> [BRIEF]:
Any picture in the range stays out of the copy; retype exactly the lines from the one with "Essence Lipmake-Up>Satin Glow" to the end of the listing.

> [PROVIDED DATA]:
- Opening Delimiter -
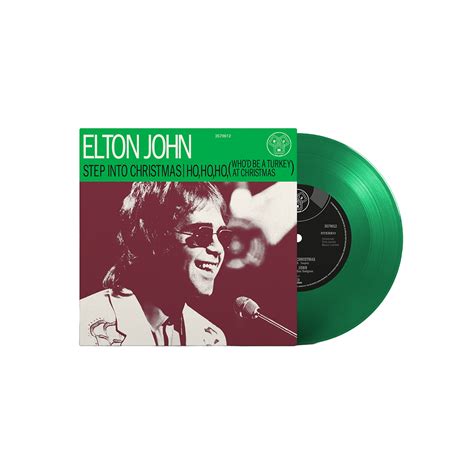 Step Into Christmas Limited Edition 7in Elton John Official Store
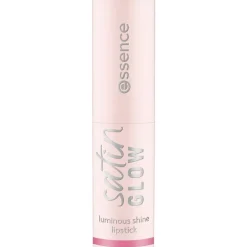 Essence Lipmake-Up>Satin Glow 04 Let's Get Mauvin Luminous Shine Lipstick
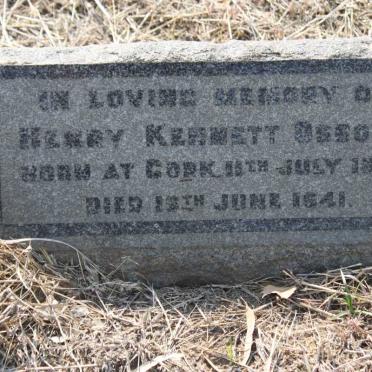 OSBORN Henry Kennett 1852-1941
- Closing Delimiter -
> [TASK OUTPUT]:
 Essence Lipmake-Up>Satin Glow 04 Let's Get Mauvin Luminous Shine Lipstick
 OSBORN Henry Kennett 1852-1941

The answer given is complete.